• **INFORMATION SUPPLIED**:
★ ★ ★ ★ ★
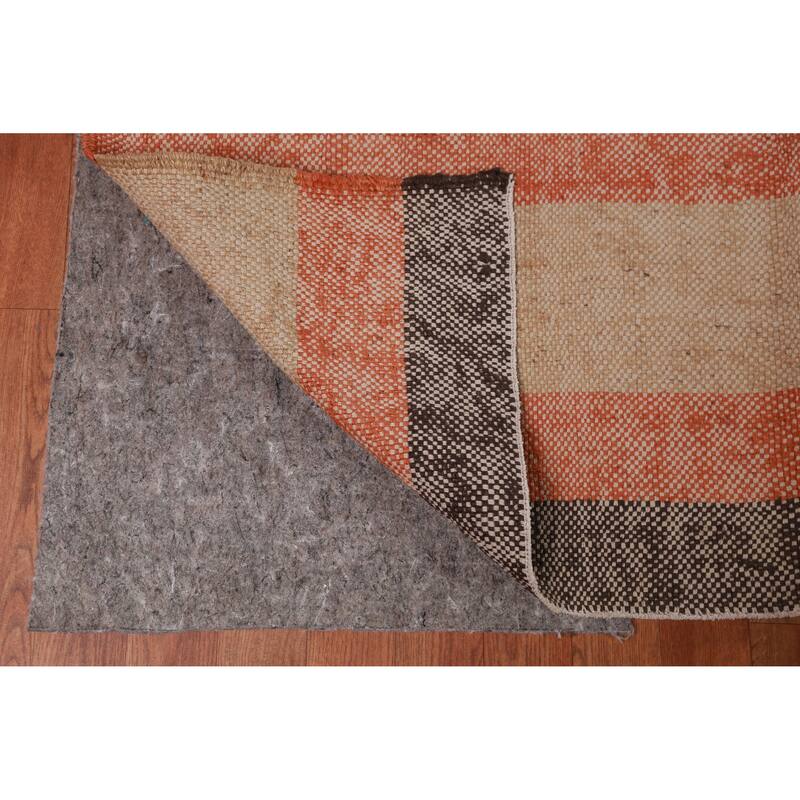 Hand Woven Oriental 100% Jute Carpet Southwestern Modern Brown Kilim Area Rug - 11' 4'' X 9' 9''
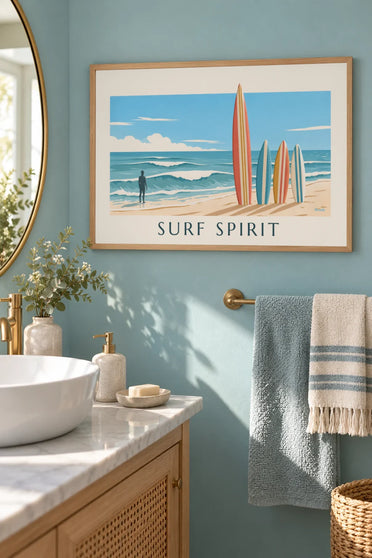Poster con tavole da surf e onde «Surf Spirit»: incorniciato alla parete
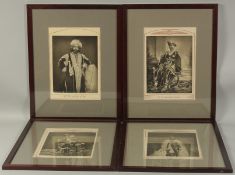 FOUR 19TH CENTURY INDIAN ORIGINAL PHOTOGRAPHS, framed and glazed, (4).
★ ★ ★ ★ ★
• **WHAT YOU HAVE TO DO**: Everything in the data except the pictures needs to be written out exactly.

• **SOLVED PROBLEM**:
 Hand Woven Oriental 100% Jute Carpet Southwestern Modern Brown Kilim Area Rug - 11' 4'' X 9' 9''
Poster con tavole da surf e onde «Surf Spirit»: incorniciato alla parete
 FOUR 19TH CENTURY INDIAN ORIGINAL PHOTOGRAPHS, framed and glazed, (4).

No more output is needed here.